# Overclocking with nvidia control panel



## inekarma

Highlighted box (from Acer's user guide): Note: You can also use NVIDIA nTune to overclock your system. To launch
NVIDIA nTune, click Start > All Programs > NVIDIA Control Panel >
Performance. Refer to the online help for more information.

I would like to overclock my system in windows, but I just can't find "performance" or "choose a category" anywhere on nvidia control panel.

Also, my system is Acer Predator Trooper, and in its manual it says "Important: Your system is designed to support overclocking. However,
make sure your components are able to tolerate an abnormal setting, while
doing overclocking. Any attempt to operate beyond product specifications
is not recommended. Overclocking may result in system instability."

So, how much should I overclock?

* Intel Core 2 Quad Q9450 processor
* 4GB (2x2GB) DDR2 800MHz RAM
* 2x 640GB hard drive
* DVDRW + BD-ROM
* NVIDIA nForce 780i SLI CPU
* 2x Geforce 9800GTX 512MB DDR3 video drivers
* Liquid cooling system
* Dual Gigabit Ethernet
* 750W power suplly
* Windows Vista Home Premium 64-bit SP1


----------



## FreoHeaveho

Download nTune: http://www.nvidia.com/object/ntune_5.05.54.00.html


----------



## inekarma

bigfellla said:


> Download nTune: http://www.nvidia.com/object/ntune_5.05.54.00.html


I found out that ntune doesn't support my windows language (finnish).
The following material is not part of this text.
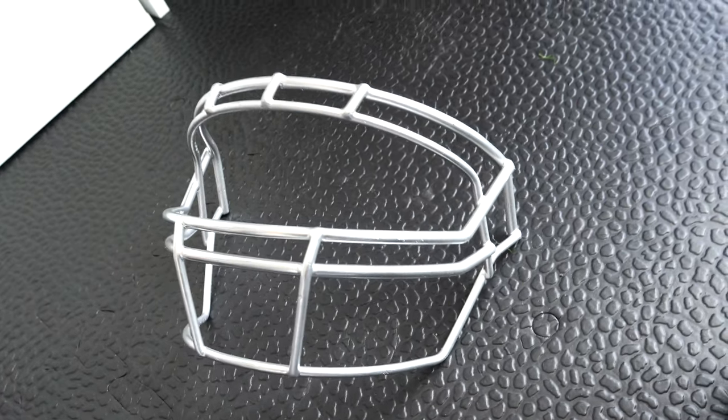That's what it looks like. Leave your comments below — how do you think it turned out? If you've painted a face mask, what challenges did you run into and would you do it again? I look forward to taking pictures once it's mounted on the helmet and tested in practice, and I'll let you guys know how it goes. See you next time.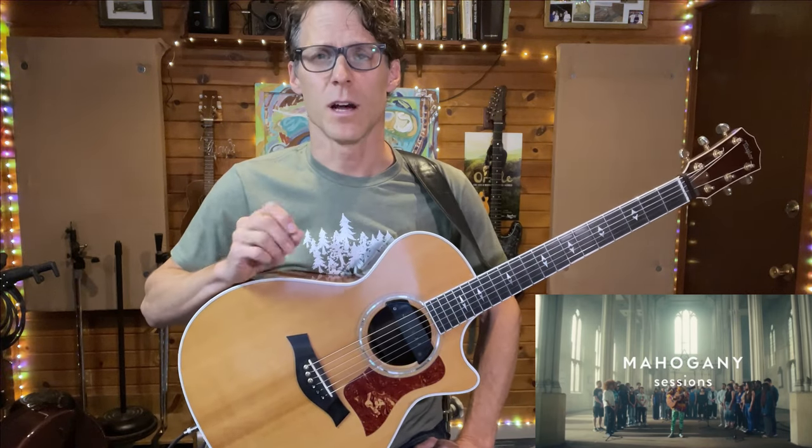Hey everybody, I'm Justin and I am thrilled to be here making an instructional video for this amazing solo version of Jacob Collier's song, Little Blue, from the Mahogany Sessions video he posted on YouTube a little over a month ago. This song is going to be on his upcoming Jesse Volume 4 album coming out in February of 2024, but I think it's really special that he did this acoustic video because hearing the song with its bare bones voicings on guitar is really revealing, special, and intimate.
I get bluescreen from just opening nvidia control panel when ntune is installed.


----------



## FreoHeaveho

Download the latest drivers.
Uninstall the current ones in Add and Remove Programs (in SAFE MODE)
Use Driver Cleaner to remove rementants
Restart in safe mode.
Reinstall the nvidia drivers.


What PSU is that (make and model)?


----------